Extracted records
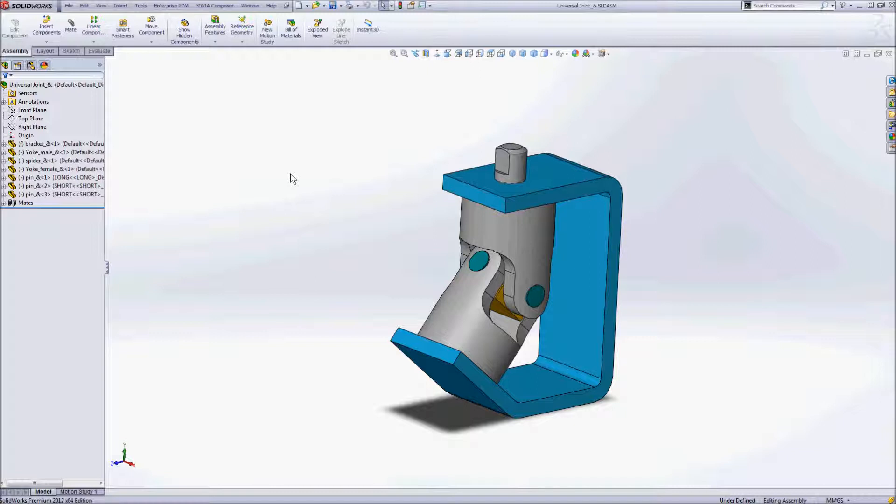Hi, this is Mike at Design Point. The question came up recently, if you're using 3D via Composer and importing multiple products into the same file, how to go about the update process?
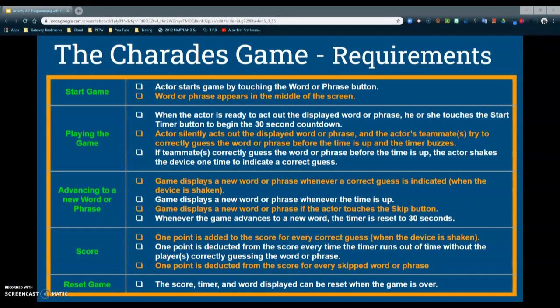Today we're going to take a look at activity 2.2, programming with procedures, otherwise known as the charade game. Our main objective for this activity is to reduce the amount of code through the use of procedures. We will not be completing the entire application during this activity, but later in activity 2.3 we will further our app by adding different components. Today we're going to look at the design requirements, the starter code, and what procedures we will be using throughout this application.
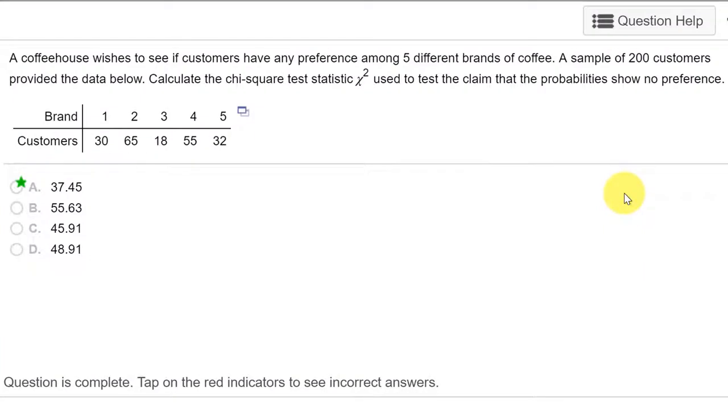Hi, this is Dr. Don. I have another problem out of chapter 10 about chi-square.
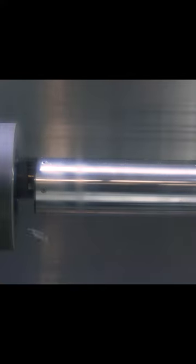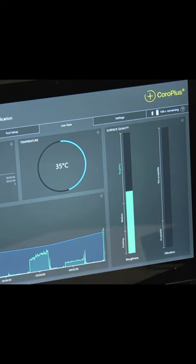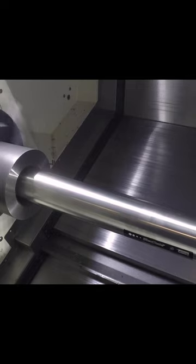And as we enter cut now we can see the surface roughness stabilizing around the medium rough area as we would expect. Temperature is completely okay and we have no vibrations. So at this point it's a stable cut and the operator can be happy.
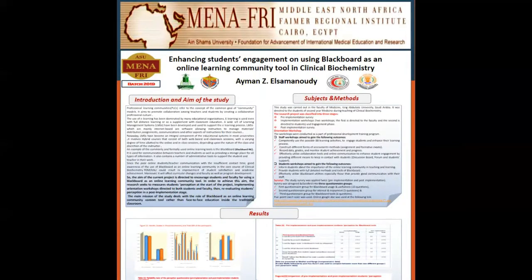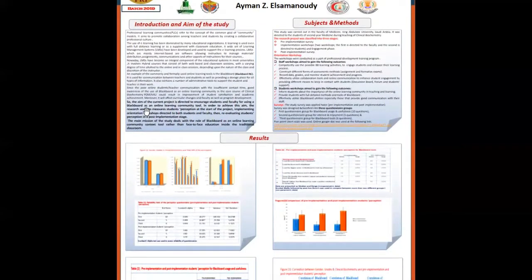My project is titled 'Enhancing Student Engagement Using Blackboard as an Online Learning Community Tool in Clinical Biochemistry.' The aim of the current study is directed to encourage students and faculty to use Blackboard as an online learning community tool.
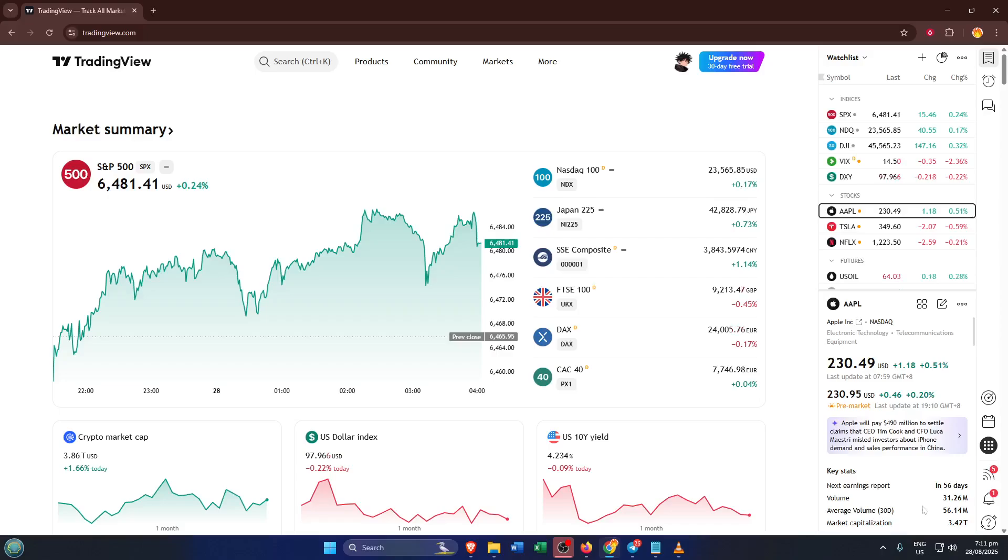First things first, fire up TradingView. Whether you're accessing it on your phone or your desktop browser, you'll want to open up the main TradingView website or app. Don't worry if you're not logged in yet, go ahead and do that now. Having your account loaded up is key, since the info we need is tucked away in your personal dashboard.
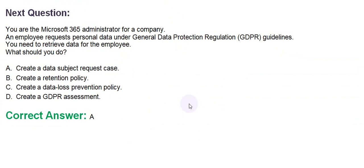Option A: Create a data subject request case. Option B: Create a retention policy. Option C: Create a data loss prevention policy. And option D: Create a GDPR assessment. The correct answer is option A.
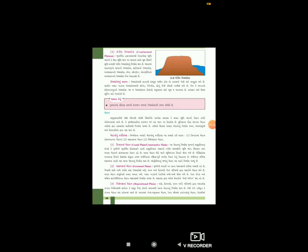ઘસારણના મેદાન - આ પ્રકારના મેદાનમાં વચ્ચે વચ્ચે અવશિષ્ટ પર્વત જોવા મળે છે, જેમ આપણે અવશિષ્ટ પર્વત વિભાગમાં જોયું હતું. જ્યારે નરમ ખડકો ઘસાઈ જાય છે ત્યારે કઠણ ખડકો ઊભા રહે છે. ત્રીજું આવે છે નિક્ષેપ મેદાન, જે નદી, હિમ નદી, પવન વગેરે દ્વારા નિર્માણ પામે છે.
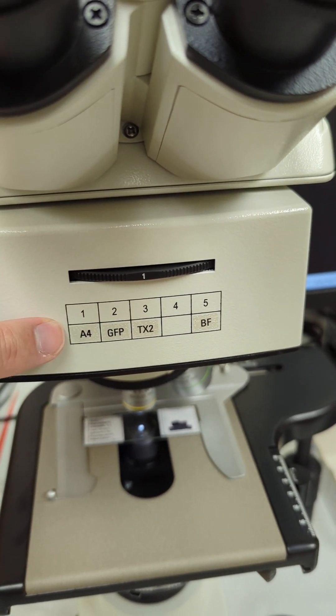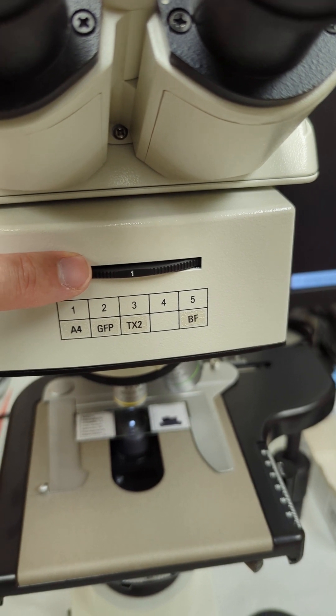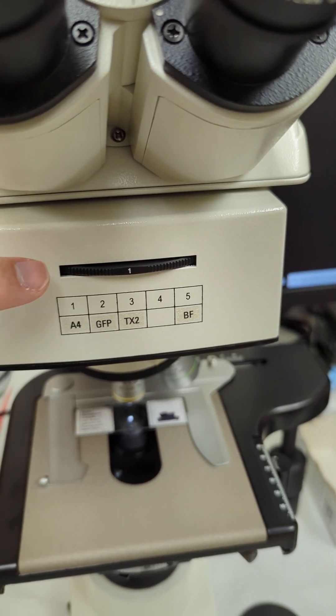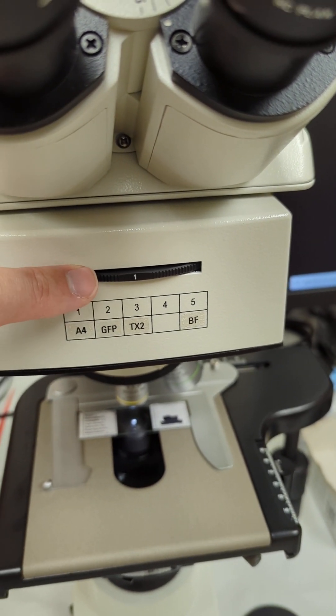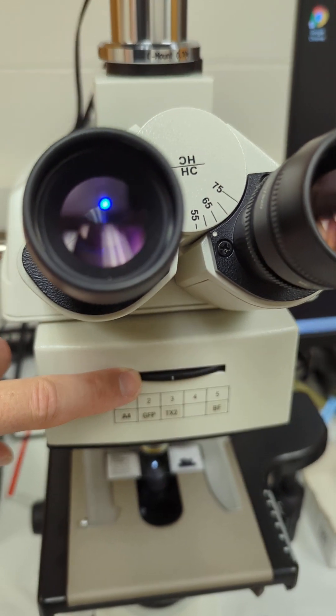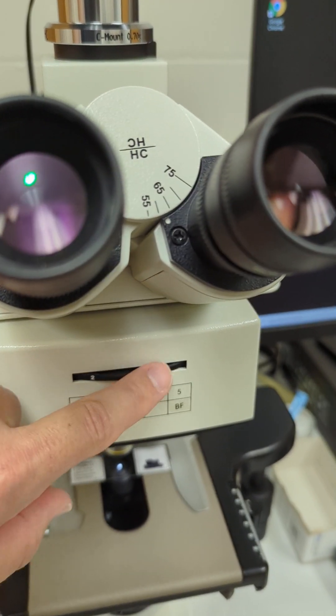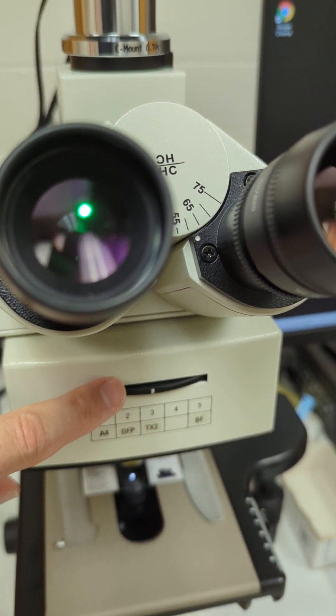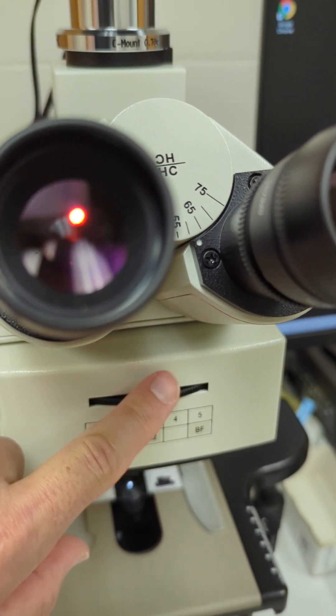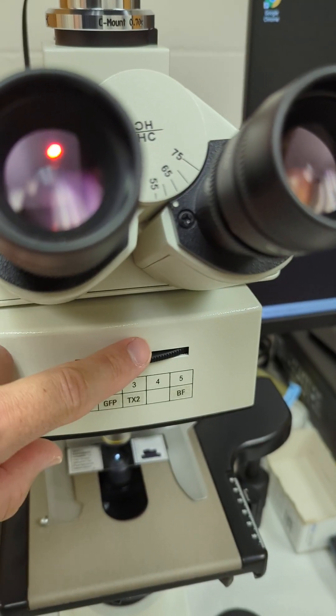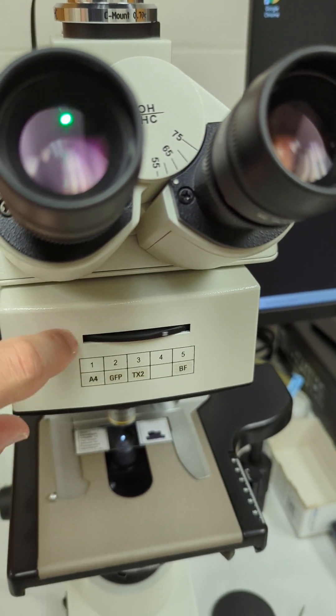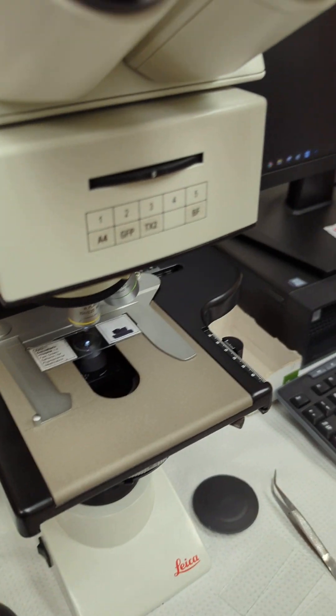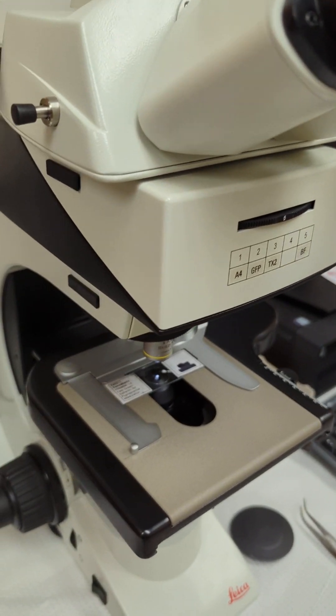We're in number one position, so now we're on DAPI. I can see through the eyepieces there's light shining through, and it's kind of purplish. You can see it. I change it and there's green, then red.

TASK BRIEF
Would you set down only the lines above from the line with "My project is" to the line with "Option A: Create", both included, exactly as they stand and without the pictures?

ANSWER TO THE EXERCISE
My project is titled 'Enhancing Student Engagement Using Blackboard as an Online Learning Community Tool in Clinical Biochemistry.' The aim of the current study is directed to encourage students and faculty to use Blackboard as an online learning community tool.
First things first, fire up TradingView. Whether you're accessing it on your phone or your desktop browser, you'll want to open up the main TradingView website or app. Don't worry if you're not logged in yet, go ahead and do that now. Having your account loaded up is key, since the info we need is tucked away in your personal dashboard.
Option A: Create a data subject request case. Option B: Create a retention policy. Option C: Create a data loss prevention policy. And option D: Create a GDPR assessment. The correct answer is option A.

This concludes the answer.